I try to follow:
you are copying relevant info to ram, in binary format (efficient) each ISR() call, and in the superloop you (slowly) dump it but only when your ram buffer is full.
by doing so (having a blocking dump) you may (and probably will) clog your superloop to the point that you probably have moved all the rest of the code to ISRs.
My projects tend to have, especially on ARM Cortex (because it has such good and simple to use interrupt priority system, including software interrupts allowing continuing a high-priority task as low-priority task), either completely empty "superloop", or superloop which does totally non-timing critical things, such as blocking networking code or UART debug printing.

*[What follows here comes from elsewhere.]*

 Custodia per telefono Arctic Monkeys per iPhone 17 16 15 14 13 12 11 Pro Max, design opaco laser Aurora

Yeah, rest of the code in ISRs. That works very well. It is like event-driven programming. (Really the main difference to using threaded RTOS is, with simple interrupts, tasks are always triggered so that function execution starts at the beginning, while RTOS threads can have longer functions that wait for other signals and continue execution. In bare-metal (no OS) project, you only have ONE thread capable of that behavior (what you call superloop). Sometimes I take advantage of that; sometimes not.) Interrupt-driven bare metal works very well in projects where you don't have dependencies on poorly designed, blocking libraries.

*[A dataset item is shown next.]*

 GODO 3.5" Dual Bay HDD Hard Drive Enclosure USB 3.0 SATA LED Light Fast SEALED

Besides, blocking UART print has completely predictable timing.
why you wait for buffer full before start dumping? to simplify (and fasten) things without the circular hassle?

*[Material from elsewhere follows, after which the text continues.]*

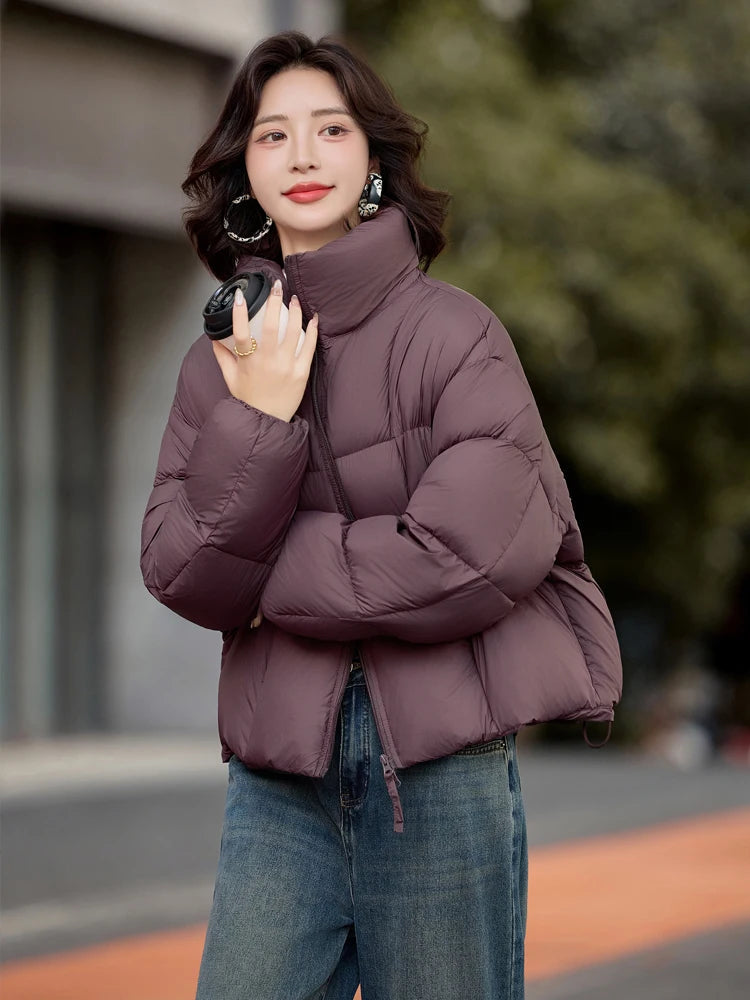Short puffer jacket for women Winter Oversize Luxury High-neck long sleeve down jacket warm Thick 2026 New outwear INKEO DJ627 ATFH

That was just a made-up example which I wrote in 3 minutes in the reply window, to communicate the idea with code instead of wall of text. Obviously you choose what you exactly want to do. For periodic interrupts (like control loops), checking for "trace full" condition is good because it happens quickly anyway, and if you have too much data, just ignore the rest.
also i miss completely the role of trigger_condition :-(
I mean something like a pushbutton "start recording", or maybe trigger it when motor turns on, some voltage level is exceeded, or maybe even leave that code in production and trigger on an error condition. What I show is, after all, pretty equivalent to what storage oscillosscopes do, but with insight into internal state variables if you so wish.
The only other (possibly even better performance) option really is hardware trace monitor system (like Segger RTT and friends). The massive advantage of your own code instrumentation is, it works in production, over the air, whatever. You don't need to plug in a debugger and hope to catch the event on the lab table!
And performance gain between printf() and binary data collection is probably nearly two orders of magnitude, and same can be said about RAM usage. You get much longer trace in the same amount of RAM when you don't need to store repeated text labels, separators, or inefficient decimal numbers.